▸ **SUPPLIED RECORDS**
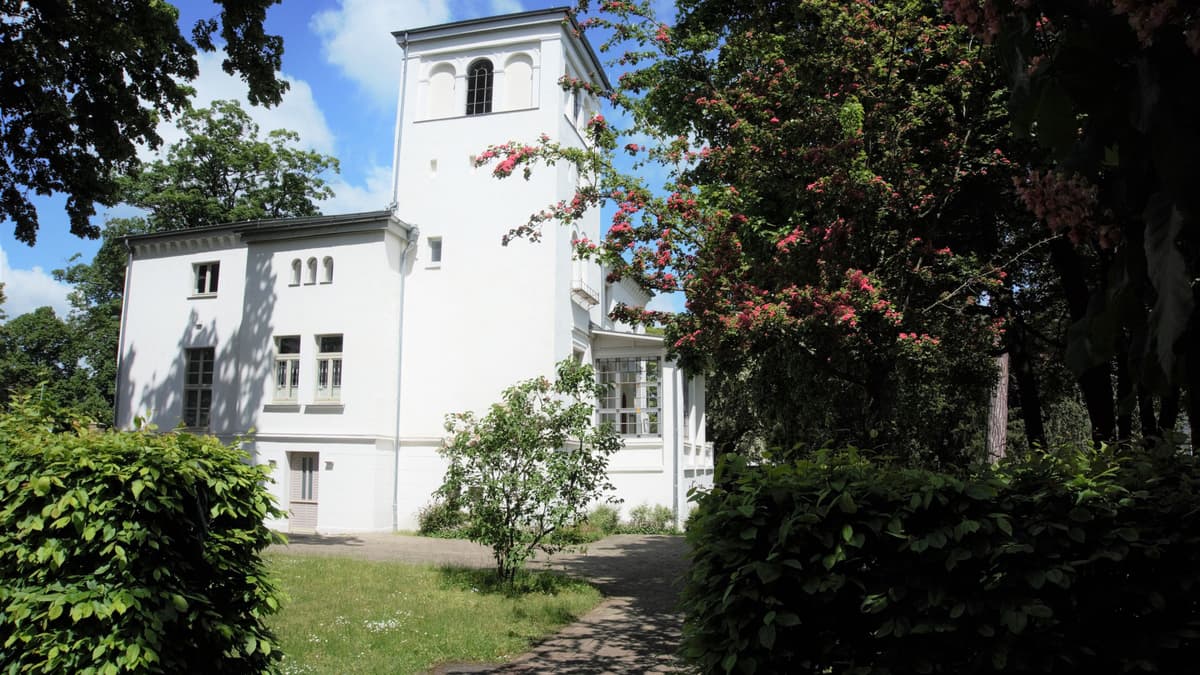 Weiße Villa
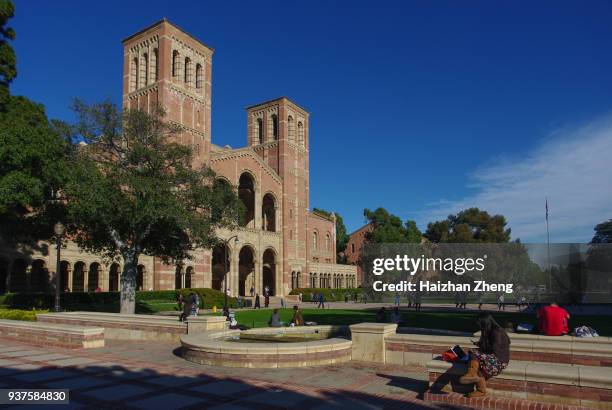 royce hall an der ucla - university of california los angeles stock-fotos und bilder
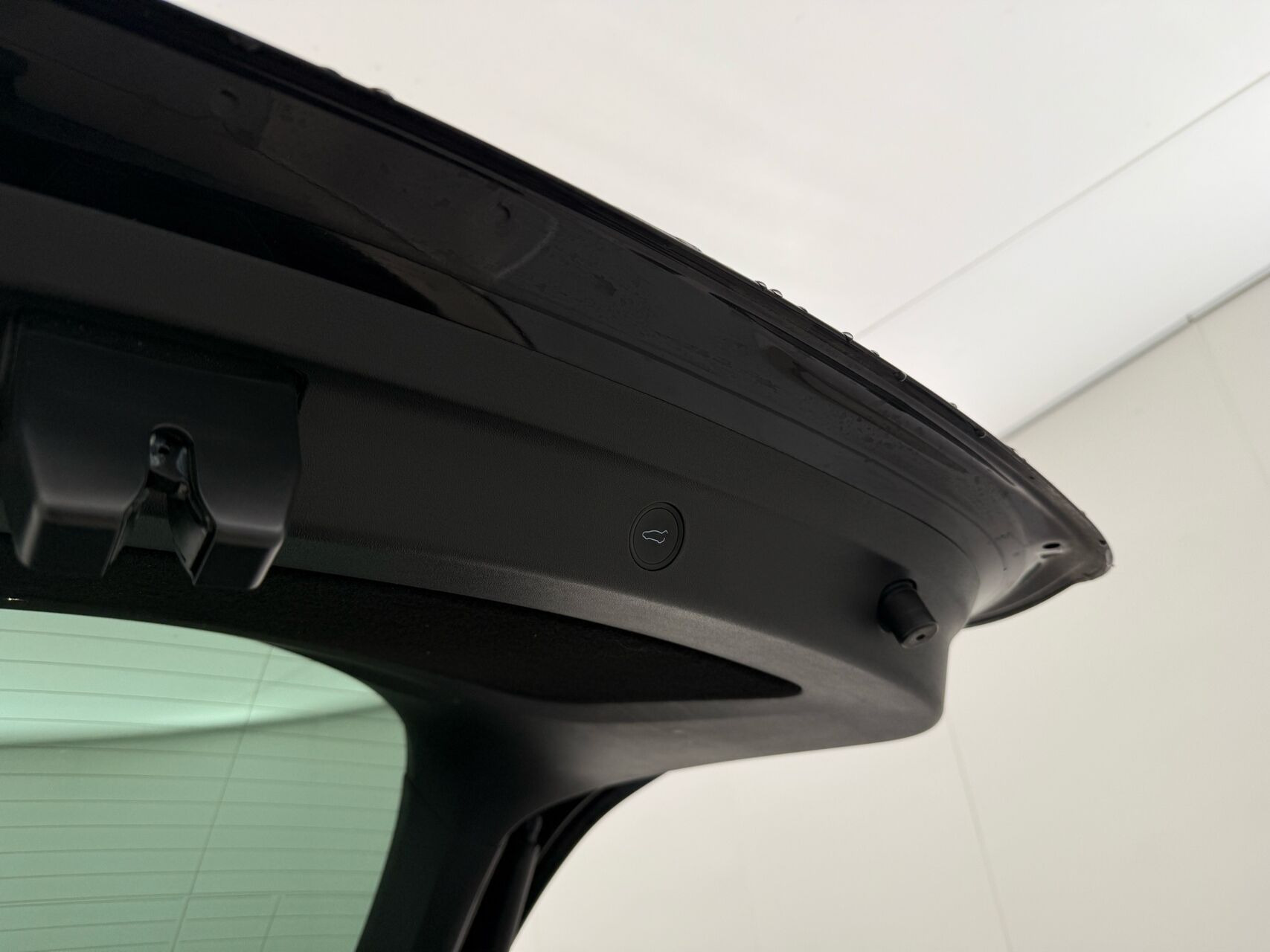 Sort Tesla Model Y fra 2023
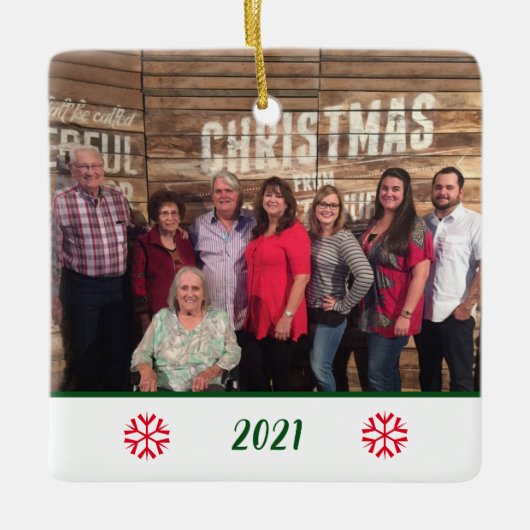 2面カスタム家族の写真スノーフレークのクリスマス セラミックオーナメント (正面)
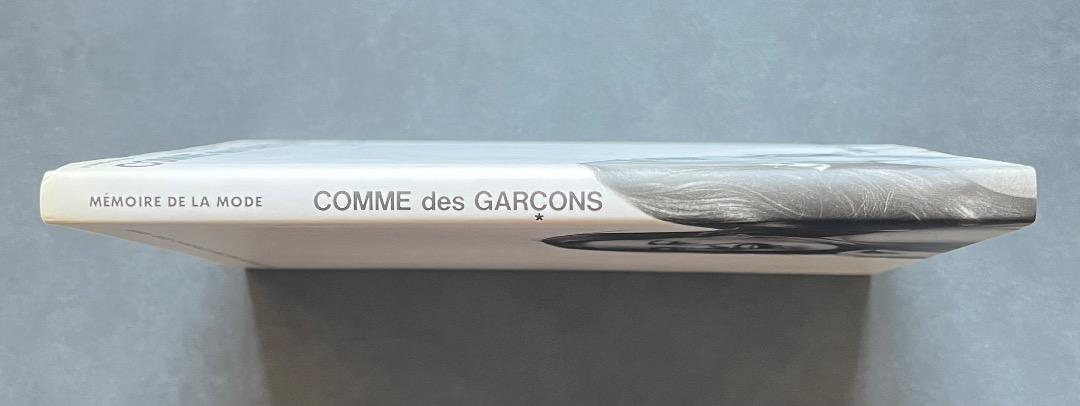 COMME des GARÇONS MÉMOIRE DE LA MODE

▸ **TASK DETAILS**
Where the line containing "royce hall an" appears, begin copying there and continue exactly through the final line of the records; both end lines belong in the copy, pictures do not.

▸ **WRITTEN SOLUTION**
 royce hall an der ucla - university of california los angeles stock-fotos und bilder
 Sort Tesla Model Y fra 2023
 2面カスタム家族の写真スノーフレークのクリスマス セラミックオーナメント (正面)
 COMME des GARÇONS MÉMOIRE DE LA MODE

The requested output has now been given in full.